By Kristin van Ogtrop
Updated January 26, 2015
James Merrell

My family thinks I read in bed to relax; to learn something; and to make everyone stop talking to me (i.e. asking me for things). And they are right—but only partially. I mostly read in bed so I can fall asleep. No author would want me to admit that, perhaps, but there it is. Sometimes, however, this backfires: A few weeks ago I found myself with three things to read on my nightstand, and they were all bad choices, at least if you follow the book-as-sleeping-pill approach:

1. The Empty Glass, a new novel by J.I. Baker. Bad for bedtime because it is suspenseful; does not produce intended soporific effect.
2. “Everything that Rises Must Converge,” by Flannery O’Connor. I had a stapled copy of this story because my son was reading it for English class.

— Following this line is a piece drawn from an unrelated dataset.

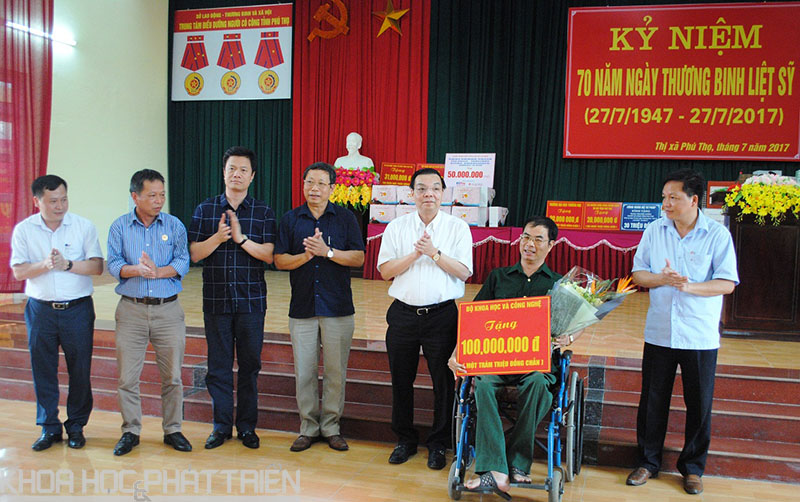 Đoàn công tác của Bộ KH&CN đã trao tặng 100 triệu đồng cho Trung tâm điều dưỡng Người có công tỉnh Phú Thọ.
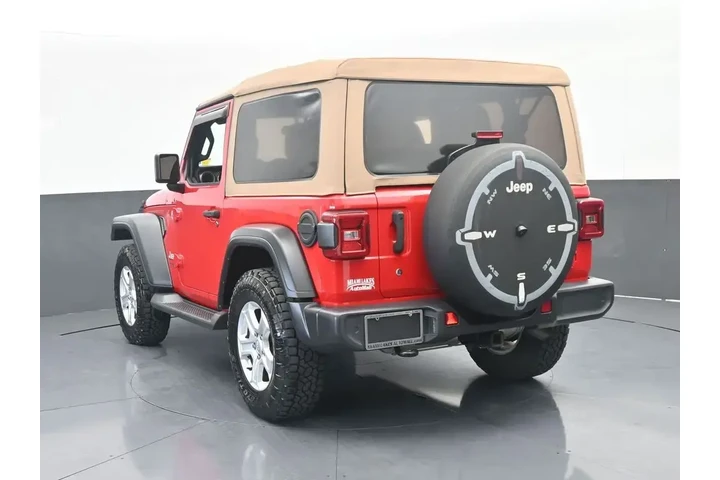 $21000 : Jeep Wrangler 2019 4x4 Sport image 4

Not good for nighttime reading as reading Flannery O’Connor just fills me with despair because she is just such a perfect writer, yet she makes it look so easy.
3. We Have Always Lived in the Castle, by Shirley Jackson. Recommended by my friend Mary for our book group. Just so wonderful and really much too creepy to make you tired.

By the time I finished reading those things, I was more sleep deprived than I have ever been. Luckily, now I have a new book on my nightstand: Inside of a Dog, by Alexandra Horowitz. After 10 minutes of reading it, I’m out like a light. Which means, of course, that it’s a wonderful book.